**AVAILABLE DATA**
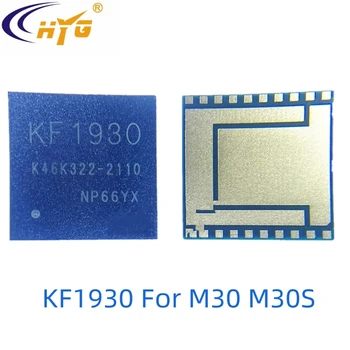 Новый Оригинальный ASIC-чип KF1930 для майнеров Whatsminer M3x M3xS M30 M30S M31S M32 M32S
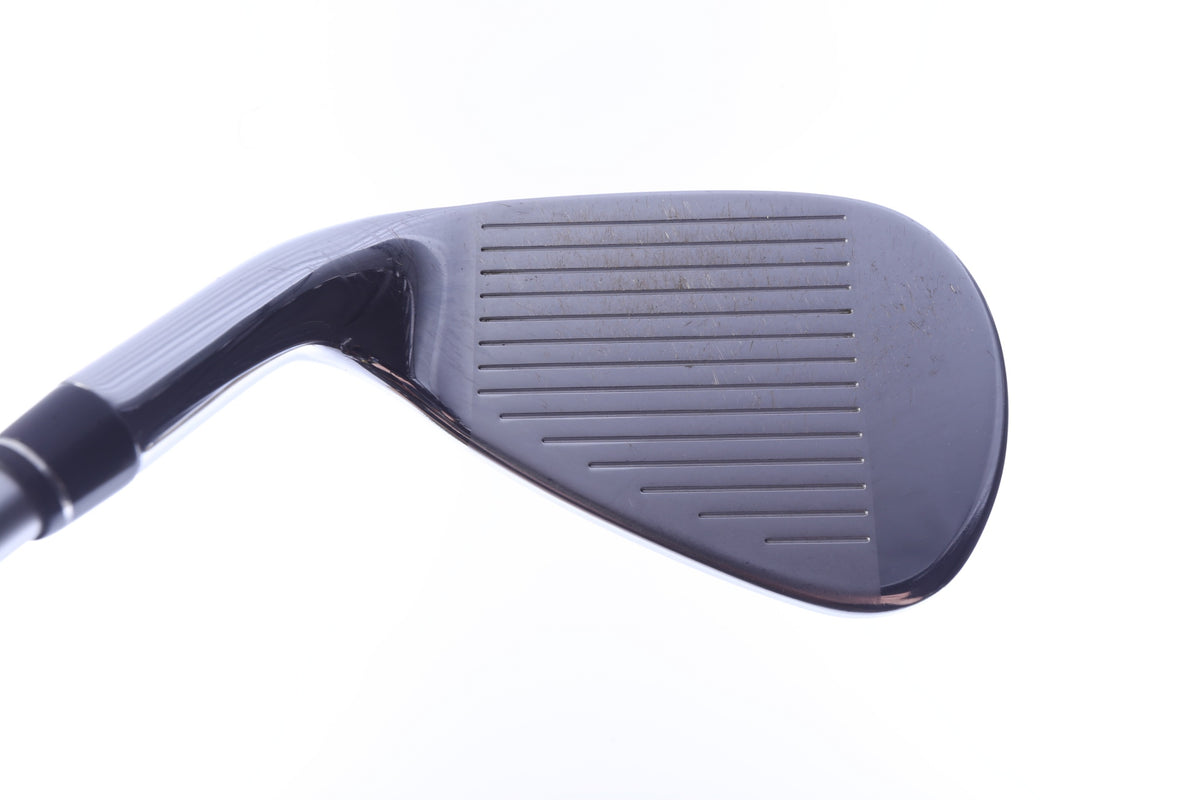 Used Callaway Paradym X Single 9-Iron - Right-Handed - Ladies Flex-Next Round
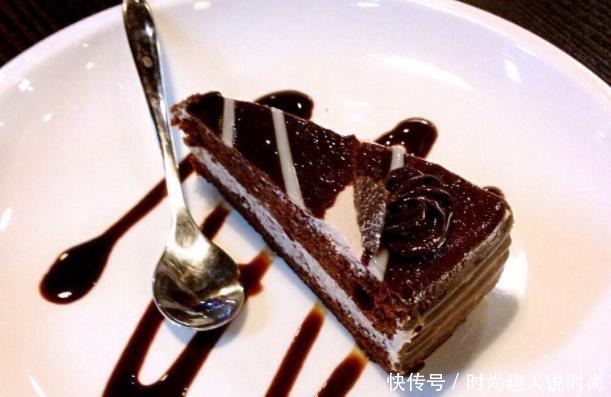 全球“超好吃”的6种甜点,你吃过哪一种第六种你一定得试下!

**WORK TO BE COMPLETED**
Return the data exactly. Do not carry over any images.

**WRITTEN RESPONSE**
 Новый Оригинальный ASIC-чип KF1930 для майнеров Whatsminer M3x M3xS M30 M30S M31S M32 M32S
 Used Callaway Paradym X Single 9-Iron - Right-Handed - Ladies Flex-Next Round
 全球“超好吃”的6种甜点,你吃过哪一种第六种你一定得试下!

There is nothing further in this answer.